Portworx and others manage those mount points and add necessary functionality. The addition of data services improves on the protection of persistent data, persisting the data outside of the container host. As a participant in the Docker Tech Field Day Extra, I received a firsthand view of this class of storage.
In reality, Portworx and others that provide Docker persistent storage are just not about storage: they are about adding data services to any storage presented to the container host. Currently, these data services are about replication, erasure coding, etc.—elements of storage that are ideally pure software plays. These data services are incredibly important in a secure hybrid cloud.

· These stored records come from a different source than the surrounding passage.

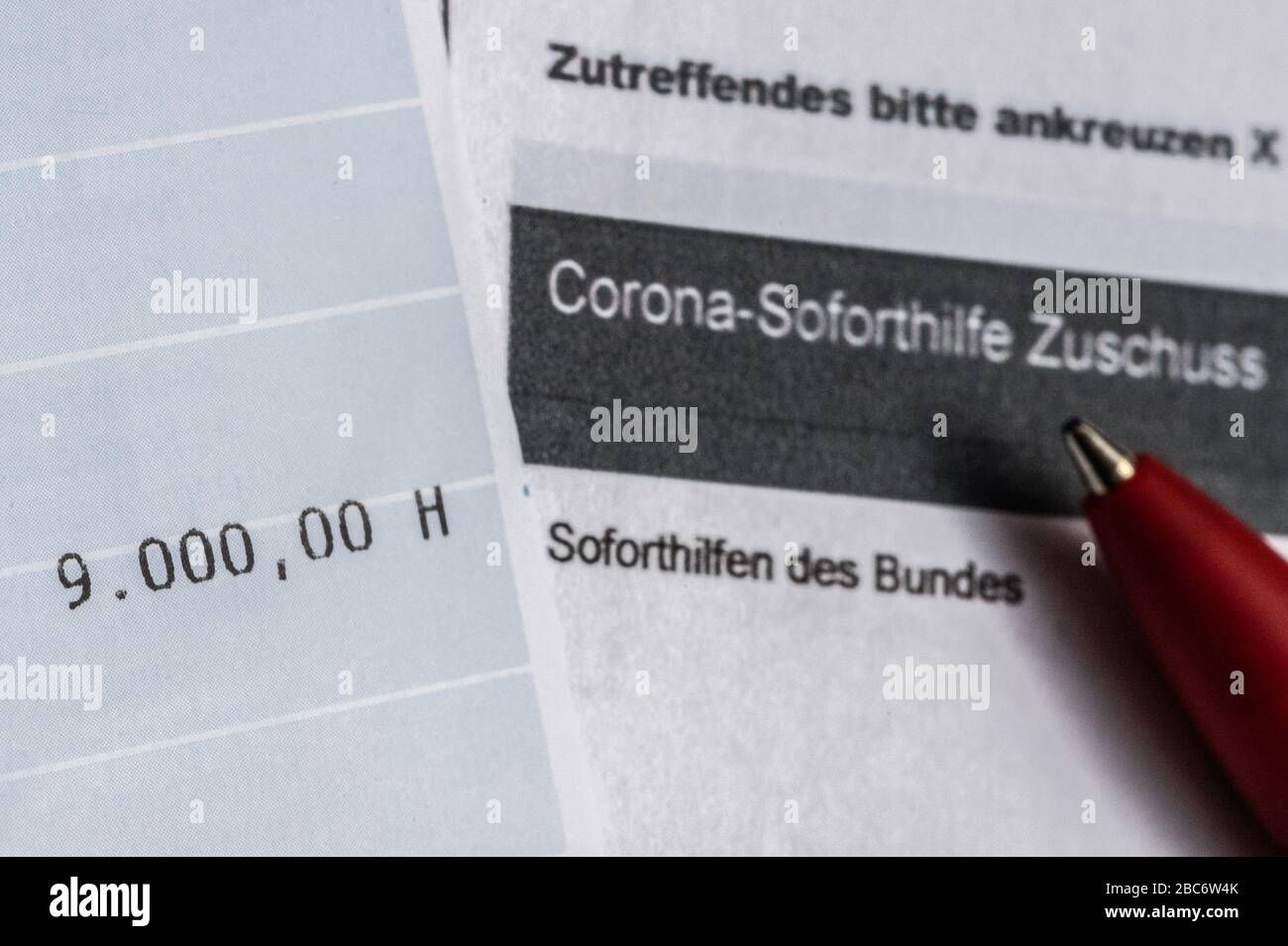 03 April 2020 Saxony Dresden Illustration A Bank Statement With The Transferred Sum Of 9 000 Euros Of Corona Emergency Aid Is On An Application For A Grant From The Sachsische Aufbaubank To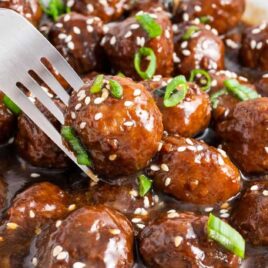 close up shot of Teriyaki Meatballs in a bowl with a fork grabbing one of them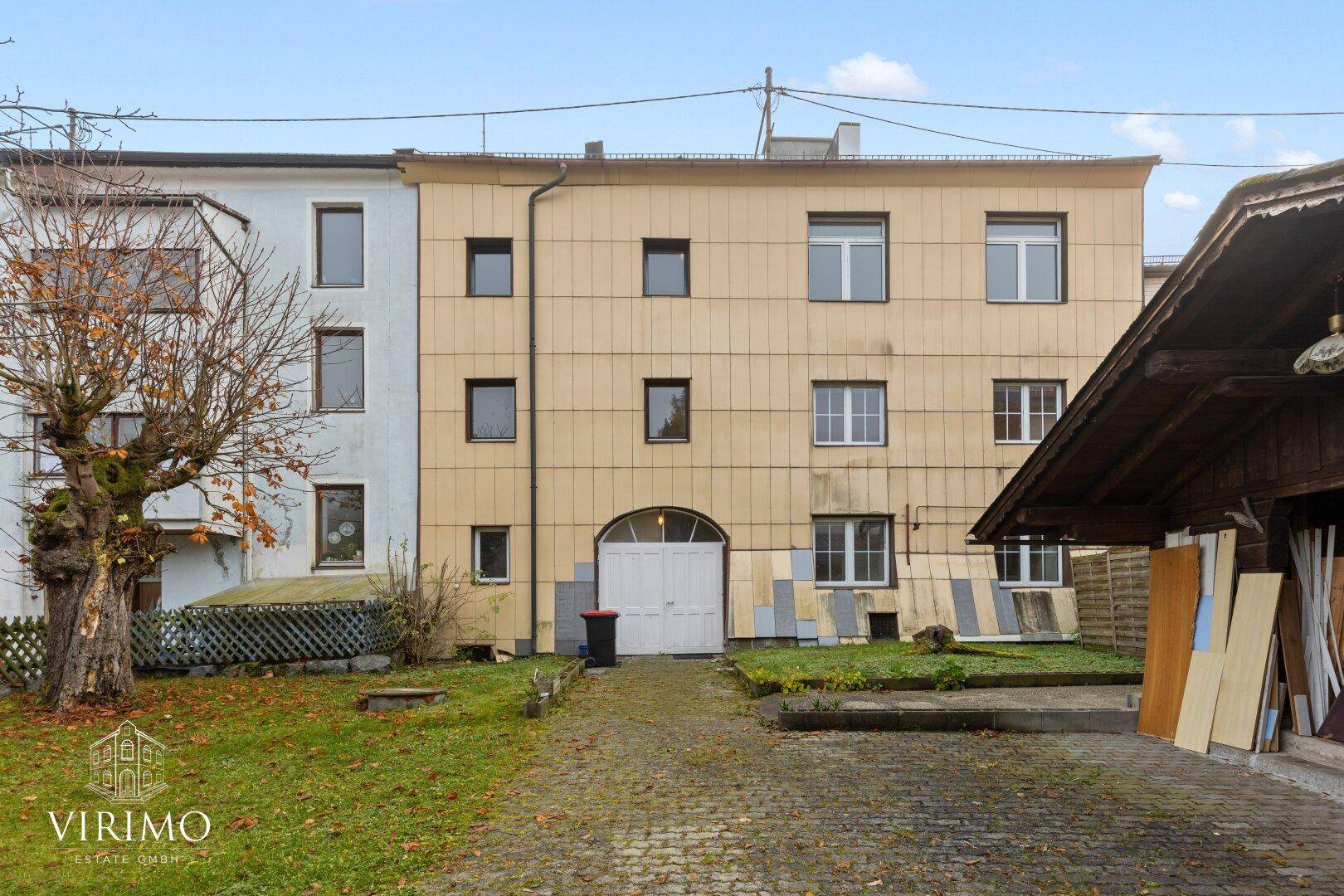Rückseite des Gebäudes mit gelber Fassade, Fenstern und einem Hinterhof mit Schuppen.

What many folks did not seem to realize at DockerCon is that data movement is crucial to the secure hybrid cloud. While presenting storage persistently to containers is great, if the data does not exist wherever my container lands, it just will not work. The application needs data. Moving data between clouds becomes crucial. These tools solve most of those issues.
They do this by ignoring storage completely. However, performance often requires us to worry about the storage layer. Tools that pick up storage analytics such as IOPS, failure rates, and latency allow the presentation of the required storage to containers, yet Portworx and others just ignore this data. This leads to underperforming containers, finger pointing, and confusion. A developer has a goal for their storage; anything that persists storage to containers should also need to worry about storage goals.
The future of storage is not replication and erasure coding; it is about analytics and goals. Our goals need to fit within a budget. This moves storage and the business closer together. As we piece together storage across a hybrid cloud, we use different types of storage that provide different performance goals. They also provide different costs and scaling mechanisms. How do Portworx and others bring this to my attention?
The cloud is not necessarily inexpensive. This implies cost is an issue even for the largest enterprises. Storage is a large cost. It is a business cost. This is why copy data management is very important. This is also why I need to know the goals of the application. The cost of doing business changes when I use clouds or even containers.
We seem to be at the beginning of storage for containers. Why did they not learn from what we have learned with virtual machines? We are already solving those issues. Containers need tools like Portworx, but they also need more advanced tools to crack down on cost.
Where are you on your container management? Where are you with storage? How do you present your existing storage into containers? What data services are a must for containers? Do you think storage is agnostic? What are your objectives with storage?